ADM secured that tariff from Jimmy Carter. They’ve been gaming the feds for favors for a long, long time and are deeply entrenched in the D.C. power structure.
Now. Consider. Any time the fatal flaws of corn-based ethanol are raised, ethanol proponents pivot to the glorious future of cellulosic ethanol. The latest is Indiana’s Dick Lugar, here on Grist:
It’s true that right now we’re not getting much in the way of cellulosic except rhetoric. And there’s no question that cellulosic is far preferable to corn in terms of oil savings. In 1999, Jim Woolsey and I in an article in Foreign Affairs magazine pointed out the vulnerability, strategically, of energy and talked about the promise of cellulosic ethanol. President Clinton praised it and said this is the way of the future.
But the fact is, the implementation of all this didn’t happen then and it isn’t happening now. The corn-based ethanol facilities are technologically several steps ahead of the cellulosic, but I have no doubt that the market will select for cellulosic in the long term, and I believe we have to incentivize it in that direction. Our ethanol targets in the American Fuels Act are weighted toward cellulosic.
President Clinton praised it. Bush Jr. praised it. Everyone’s praising it. And it’s still hovering just over the horizon.
Meanwhile, the corn-ethanol infrastructure is being built and any number of powerful constituencies are getting accustomed to corn-ethanol subsidies.
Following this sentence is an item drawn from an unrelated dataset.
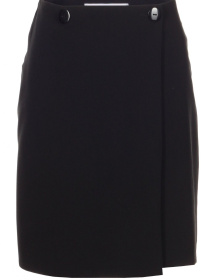 Спідниця міні LadyLike модель ll207620090-chornij Фото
Once this infrastructure is in place, once these subsidies are entrenched, do we really think it will all be abandoned in favor of cellulosic?
As Lilley puts it:
If [the shift to cellulosic] happens, it will be a marked reversal of many decades of government policy in support of Archer Daniels Midland — and the company may well wonder what it’s getting for its unceasingly ample gifts to both political parties. But with the "full-throated support of the Bush Administration", in the words of the Renewable Fuels Association, a corn ethanol-dominated, ADM-led trade group, that day doesn’t seem to be approaching any time soon.